EPV is a more advanced valuation technique which I explain in a separate article here.
Greene King looks as if it might be undervalued on this basis but it will not be if trading profits start to fall or debt levels grow faster than profits.
City analysts are currently expecting Greene King to broadly maintain its trading profits (EBIT).
You should not expect to buy the shares of high quality, fast growing companies for less than their EPV. The stock market rightly prices in the expectation of growth into the shares.
However, EPV can still be very useful as it allows you to understand a share price better by estimating how much of it is explained by current profits and how much by future profits growth.
I do this by comparing the share price with the EPV per share. Generally speaking, if I am looking to invest in high quality growth business, I might look to pay no more than twice its EPV – a P/EPV of 2 or less – to stop me from paying too much. This means that up to half the company’s share price is explained by the expectations of future growth.
You can see from the table below that there is a lot of pessimism baked into some pub company share prices at the moment. JD Wetherspoon and Fullers have the most optimism on this measure.
Revolution Bars is currently the subject of a 203p per share takeover bid. Could that bid be a little bit mean as it could be argued that the bidder is getting future profits growth for almost nothing?
This approach is used a lot by professional investors in order to get a more detailed and accurate valuation of a company.

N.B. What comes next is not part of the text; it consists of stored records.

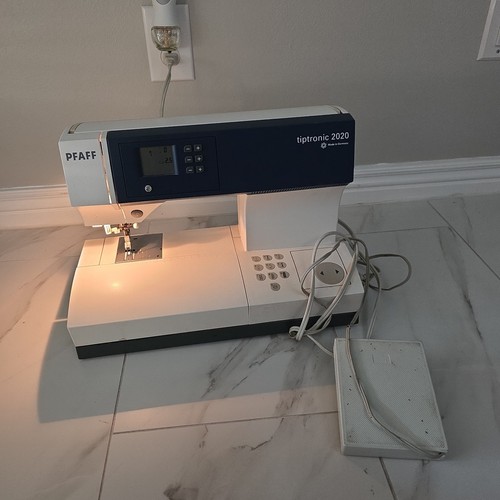 Pfaff tiptronic 2020 - pfaff,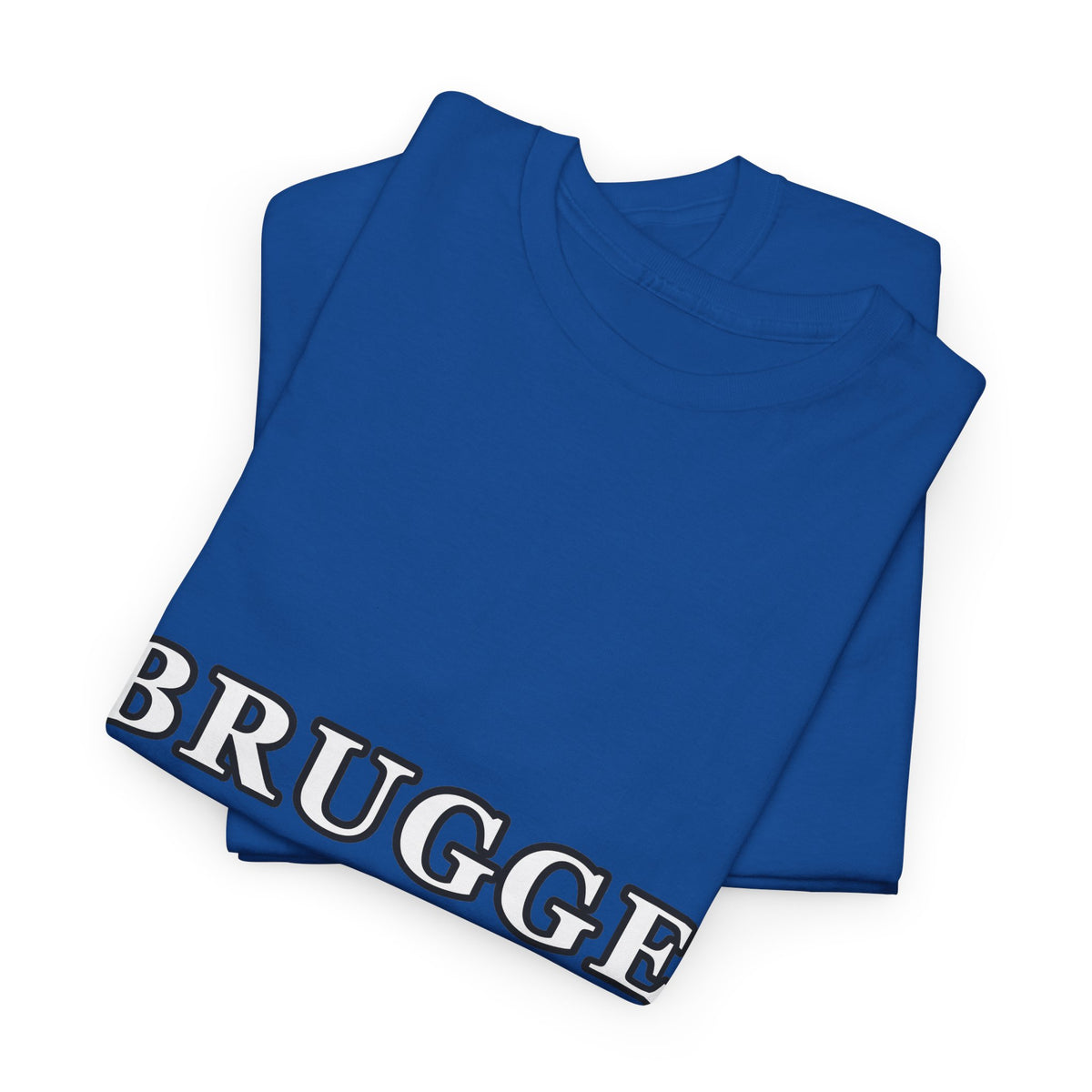 BRUGGE Unisex T-shirt | Minimalistisch | VlaamseKracht®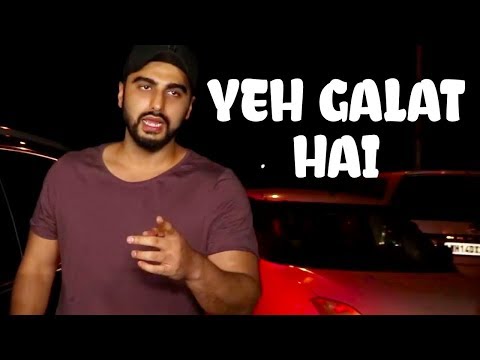 arjun-kapoor-angry-on-media-when-photographers-insults-a-fan-|-bollywood-news-and-gossips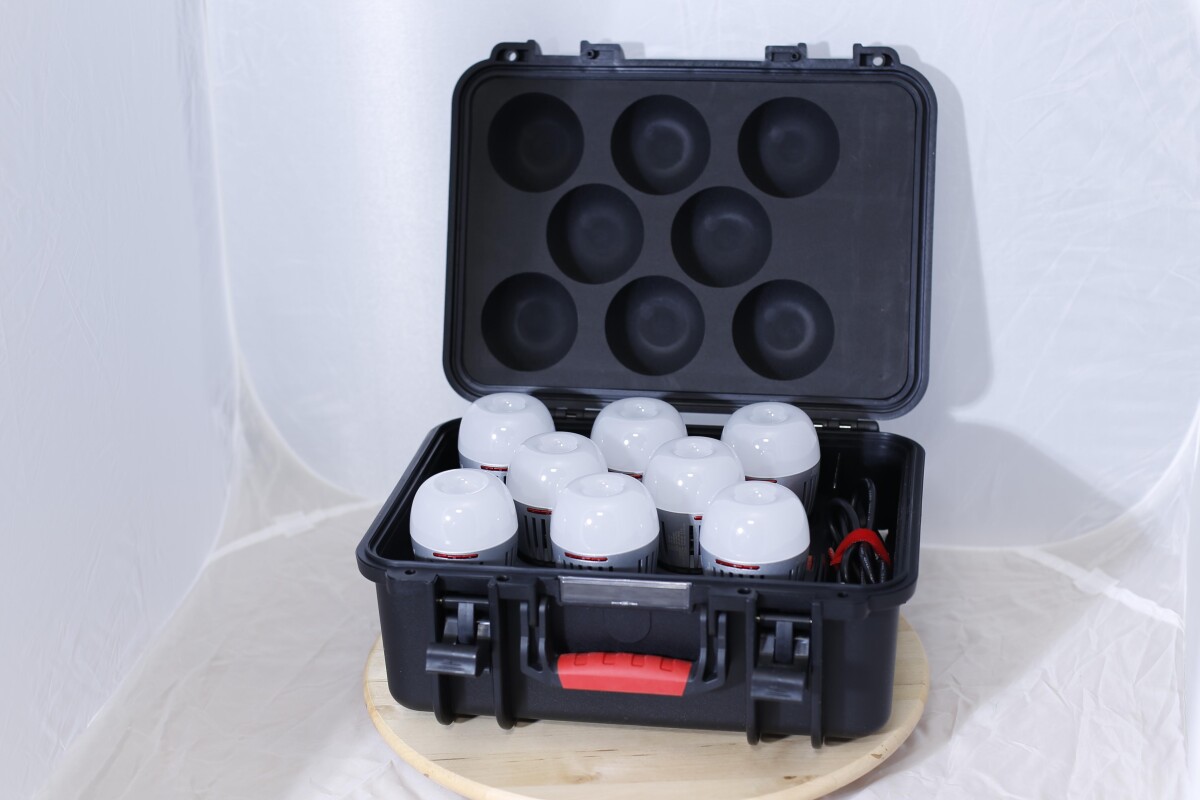 Location Aputure Accent B7C 8-Light kit - Lightyshare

An EV is calculated for each separate business and various adjustments are made to get a value per share.
SOP is often referred to as a ‘break up’ valuation which estimates what a company would be worth if it was bought and its businesses were sold off separately.
These valuations can be quite involved and are best suited to someone who has some degree of industry knowledge. As with any absolute valuation it is only as good or credible as the assumptions behind it. A good SOP can take a lot of work.
|Asset (£m)||EBIT||Cost adj||Adj EBIT||Multiple||EV||Comment|
|Pub Company||308.1||-16.7||291.4||11.8||3,438.50||RBG t/o|
|Pub Partners||92.8||-1.85||90.95||9.9||900.4||Punch Taverns t/o|
|Brewing||31||-1.85||29.2||11||320.7||Charles Wells t/o|
|Deferred tax asset||63.1|
|Value per share (p)||735|
The first thing I’ve done here is to adjust the most recent trading profits by allocating central costs of £20.4m to each division based on their proportion of turnover. I’ve then valued each division by applying an EV/EBIT multiple from a recent or ongoing takeover transaction in the appropriate sector to get an estimate of market value.
On this basis, I can value Greene King shares at 735p each and therefore raise the question whether its shares might be undervalued.
This article is for educational purposes only. It is not a recommendation to buy or sell shares or other investments. Do your own research before buying or selling any investment or seek professional financial advice.